Work instructions
Each line below should be repeated exactly as written, with no pictures carried over.

Supplied data

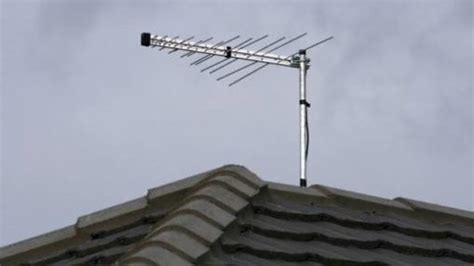 tv antenna installation cost sydney wide antennas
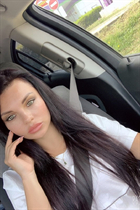 Beautiful Ukrainian bride tatiana from kiev with Black hair age 46 photo-2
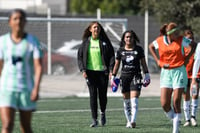 Santos Laguna vs Monterrey femenil sub 19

Result of the exercise
 tv antenna installation cost sydney wide antennas
 Beautiful Ukrainian bride tatiana from kiev with Black hair age 46 photo-2
 Santos Laguna vs Monterrey femenil sub 19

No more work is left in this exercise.